■ Aim of the exercise: Retype the entries below word for word, leaving none out.

Web page caption snippets
>>>
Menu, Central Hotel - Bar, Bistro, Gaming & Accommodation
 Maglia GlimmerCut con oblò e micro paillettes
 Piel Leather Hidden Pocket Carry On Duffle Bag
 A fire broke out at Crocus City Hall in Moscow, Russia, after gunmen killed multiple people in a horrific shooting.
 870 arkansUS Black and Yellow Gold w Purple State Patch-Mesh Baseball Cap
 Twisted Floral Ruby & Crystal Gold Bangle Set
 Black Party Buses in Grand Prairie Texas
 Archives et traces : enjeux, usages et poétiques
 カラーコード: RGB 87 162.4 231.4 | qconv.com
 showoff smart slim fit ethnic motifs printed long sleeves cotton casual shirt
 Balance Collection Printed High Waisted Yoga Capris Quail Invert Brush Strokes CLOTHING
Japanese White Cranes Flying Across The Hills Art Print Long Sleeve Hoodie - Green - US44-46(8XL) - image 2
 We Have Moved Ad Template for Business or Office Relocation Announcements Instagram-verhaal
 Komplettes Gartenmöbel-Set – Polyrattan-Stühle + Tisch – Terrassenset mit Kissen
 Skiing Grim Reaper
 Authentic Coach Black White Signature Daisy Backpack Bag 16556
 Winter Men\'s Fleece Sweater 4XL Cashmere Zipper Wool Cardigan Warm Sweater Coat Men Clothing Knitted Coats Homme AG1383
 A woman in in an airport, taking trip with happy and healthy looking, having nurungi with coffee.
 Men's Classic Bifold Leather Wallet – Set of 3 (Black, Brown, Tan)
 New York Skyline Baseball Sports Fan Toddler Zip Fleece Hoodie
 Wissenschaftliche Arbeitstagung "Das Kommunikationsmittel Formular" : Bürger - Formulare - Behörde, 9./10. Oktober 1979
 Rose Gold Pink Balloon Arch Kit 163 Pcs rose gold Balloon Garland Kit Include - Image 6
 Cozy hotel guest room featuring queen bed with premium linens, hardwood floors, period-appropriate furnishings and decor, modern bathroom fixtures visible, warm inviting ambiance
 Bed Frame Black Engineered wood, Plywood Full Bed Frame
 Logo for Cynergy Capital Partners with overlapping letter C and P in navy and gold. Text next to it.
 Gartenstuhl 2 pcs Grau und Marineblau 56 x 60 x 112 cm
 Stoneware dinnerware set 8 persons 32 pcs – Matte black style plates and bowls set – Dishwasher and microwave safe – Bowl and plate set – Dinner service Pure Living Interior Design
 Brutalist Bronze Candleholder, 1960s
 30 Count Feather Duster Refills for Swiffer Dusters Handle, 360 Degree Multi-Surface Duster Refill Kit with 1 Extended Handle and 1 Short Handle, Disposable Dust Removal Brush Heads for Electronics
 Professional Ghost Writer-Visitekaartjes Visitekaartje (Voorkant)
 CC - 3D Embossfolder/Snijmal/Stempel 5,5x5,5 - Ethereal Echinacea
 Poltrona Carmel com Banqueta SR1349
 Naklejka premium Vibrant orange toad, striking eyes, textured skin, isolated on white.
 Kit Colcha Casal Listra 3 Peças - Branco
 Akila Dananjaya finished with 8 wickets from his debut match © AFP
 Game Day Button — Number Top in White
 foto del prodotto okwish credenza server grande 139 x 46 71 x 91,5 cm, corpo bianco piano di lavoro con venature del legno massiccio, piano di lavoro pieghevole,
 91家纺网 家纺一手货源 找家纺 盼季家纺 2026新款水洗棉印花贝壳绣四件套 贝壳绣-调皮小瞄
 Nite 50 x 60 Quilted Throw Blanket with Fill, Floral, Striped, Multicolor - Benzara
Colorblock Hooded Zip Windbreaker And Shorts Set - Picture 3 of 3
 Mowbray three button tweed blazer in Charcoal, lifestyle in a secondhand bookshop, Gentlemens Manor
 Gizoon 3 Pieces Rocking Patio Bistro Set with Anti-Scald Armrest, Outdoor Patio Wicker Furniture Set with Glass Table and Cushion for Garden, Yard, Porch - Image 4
<<<
■ Expected answer:
Menu, Central Hotel - Bar, Bistro, Gaming & Accommodation
 Maglia GlimmerCut con oblò e micro paillettes
 Piel Leather Hidden Pocket Carry On Duffle Bag
 A fire broke out at Crocus City Hall in Moscow, Russia, after gunmen killed multiple people in a horrific shooting.
 870 arkansUS Black and Yellow Gold w Purple State Patch-Mesh Baseball Cap
 Twisted Floral Ruby & Crystal Gold Bangle Set
 Black Party Buses in Grand Prairie Texas
 Archives et traces : enjeux, usages et poétiques
 カラーコード: RGB 87 162.4 231.4 | qconv.com
 showoff smart slim fit ethnic motifs printed long sleeves cotton casual shirt
 Balance Collection Printed High Waisted Yoga Capris Quail Invert Brush Strokes CLOTHING
Japanese White Cranes Flying Across The Hills Art Print Long Sleeve Hoodie - Green - US44-46(8XL) - image 2
 We Have Moved Ad Template for Business or Office Relocation Announcements Instagram-verhaal
 Komplettes Gartenmöbel-Set – Polyrattan-Stühle + Tisch – Terrassenset mit Kissen
 Skiing Grim Reaper
 Authentic Coach Black White Signature Daisy Backpack Bag 16556
 Winter Men\'s Fleece Sweater 4XL Cashmere Zipper Wool Cardigan Warm Sweater Coat Men Clothing Knitted Coats Homme AG1383
 A woman in in an airport, taking trip with happy and healthy looking, having nurungi with coffee.
 Men's Classic Bifold Leather Wallet – Set of 3 (Black, Brown, Tan)
 New York Skyline Baseball Sports Fan Toddler Zip Fleece Hoodie
 Wissenschaftliche Arbeitstagung "Das Kommunikationsmittel Formular" : Bürger - Formulare - Behörde, 9./10. Oktober 1979
 Rose Gold Pink Balloon Arch Kit 163 Pcs rose gold Balloon Garland Kit Include - Image 6
 Cozy hotel guest room featuring queen bed with premium linens, hardwood floors, period-appropriate furnishings and decor, modern bathroom fixtures visible, warm inviting ambiance
 Bed Frame Black Engineered wood, Plywood Full Bed Frame
 Logo for Cynergy Capital Partners with overlapping letter C and P in navy and gold. Text next to it.
 Gartenstuhl 2 pcs Grau und Marineblau 56 x 60 x 112 cm
 Stoneware dinnerware set 8 persons 32 pcs – Matte black style plates and bowls set – Dishwasher and microwave safe – Bowl and plate set – Dinner service Pure Living Interior Design
 Brutalist Bronze Candleholder, 1960s
 30 Count Feather Duster Refills for Swiffer Dusters Handle, 360 Degree Multi-Surface Duster Refill Kit with 1 Extended Handle and 1 Short Handle, Disposable Dust Removal Brush Heads for Electronics
 Professional Ghost Writer-Visitekaartjes Visitekaartje (Voorkant)
 CC - 3D Embossfolder/Snijmal/Stempel 5,5x5,5 - Ethereal Echinacea
 Poltrona Carmel com Banqueta SR1349
 Naklejka premium Vibrant orange toad, striking eyes, textured skin, isolated on white.
 Kit Colcha Casal Listra 3 Peças - Branco
 Akila Dananjaya finished with 8 wickets from his debut match © AFP
 Game Day Button — Number Top in White
 foto del prodotto okwish credenza server grande 139 x 46 71 x 91,5 cm, corpo bianco piano di lavoro con venature del legno massiccio, piano di lavoro pieghevole,
 91家纺网 家纺一手货源 找家纺 盼季家纺 2026新款水洗棉印花贝壳绣四件套 贝壳绣-调皮小瞄
 Nite 50 x 60 Quilted Throw Blanket with Fill, Floral, Striped, Multicolor - Benzara
Colorblock Hooded Zip Windbreaker And Shorts Set - Picture 3 of 3
 Mowbray three button tweed blazer in Charcoal, lifestyle in a secondhand bookshop, Gentlemens Manor
 Gizoon 3 Pieces Rocking Patio Bistro Set with Anti-Scald Armrest, Outdoor Patio Wicker Furniture Set with Glass Table and Cushion for Garden, Yard, Porch - Image 4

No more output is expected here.